Herr Wallenstein, was war Gegenstand der Entscheidung des EuGH?
Das Urteil ist in einem Rechtsstreit zwischen einer spanischen Gewerkschaft und der Deutschen Bank ergangen. Die Gewerkschaft hatte geltend gemacht, dass Arbeitgeber nach europarechtlichen Regelungen verpflichtet sind, sämtliche Arbeitszeiten ihrer Arbeitnehmer aufzuzeichnen und ein System zur Erfassung der Arbeitszeit zu unterhalten, mit dem die Einhaltung der Arbeitszeitvorschriften überprüft werden können.

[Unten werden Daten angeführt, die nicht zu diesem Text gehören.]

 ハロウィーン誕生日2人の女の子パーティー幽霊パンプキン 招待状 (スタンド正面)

Welche Arbeitszeitvorschriften sind damit gemeint?
Zunächst geht es um die europäische Arbeitszeitrichtlinie 2003/88/EWG. Diese schreibt Mindestruhezeiten von täglich elf und wöchentlich 24 Stunden am Stück vor. Vor allem beschränkt sie die wöchentlich zulässige Höchstarbeitszeit auf 48 Stunden.

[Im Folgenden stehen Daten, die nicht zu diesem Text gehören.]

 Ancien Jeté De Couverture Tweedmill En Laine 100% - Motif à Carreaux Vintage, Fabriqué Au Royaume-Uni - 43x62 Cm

Und wie hat der EuGH entschieden?
Der EuGH ist der Auffassung, dass der Arbeitgeber zur Einrichtung eines Systems verpflichtet ist, mit dem die von jedem Arbeitnehmer geleistete tägliche Arbeitszeit erfasst werden kann. Hierzu müssen die Mitgliedstaaten der EU die Arbeitgeber z.B. durch Gesetze verpflichten. Der Schutz des Arbeitnehmers sei nur mit einem System möglich, mit dem die täglich geleistete Arbeitszeit gemessen werden kann. Ohne ein solches System sei es für den Arbeitnehmer praktisch unmöglich, die tatsächliche Einhaltung der wöchentlichen Höchstarbeitszeit sicherzustellen.
Gilt das auch in Deutschland und wie ist hier die aktuelle Rechtslage?
Bislang bestand für Arbeitgeber keine allgemeine Pflicht zur Aufzeichnung der Arbeitszeit. Hierzu beinhalten nur verschiedene
Gesetze Aufzeichnungspflichten für spezielle Tatbestände. So muss der Arbeitgeber z.B. nach § 17 Abs. 1 MiLoG die Arbeitszeit sämtlicher geringfügig beschäftigter Arbeitnehmer aufzeichnen. In § 17 Abs. 1 MiLoG ist zwar vorgesehen, dass der Arbeitgeber Beginn, Ende und Dauer der täglichen Arbeitszeit spätestens bis zum Ablauf des siebten auf den Tag der Arbeitsleistung folgenden Kalendertages aufzuzeichnen hat. Eine konkrete Vorgabe dazu, in welcher Form und vor wie das zu geschehen hat, macht das Gesetz aber nicht. Nach § 16 Abs. 2 S. 1 ArbZG ist der Arbeitgeber verpflichtet, die Überstunden aller Arbeitnehmer zu erfassen. Auch diese Regelung schreibt dem Arbeitgeber aber nicht vor, durch wen und wie die Aufzeichnung erfolgen muss. Das deutsche Recht wird also den Vorgaben des EuGH nicht gerecht. Deshalb dürfte das Urteil weitreichende Auswirkungen im nationalen deutschen Recht haben.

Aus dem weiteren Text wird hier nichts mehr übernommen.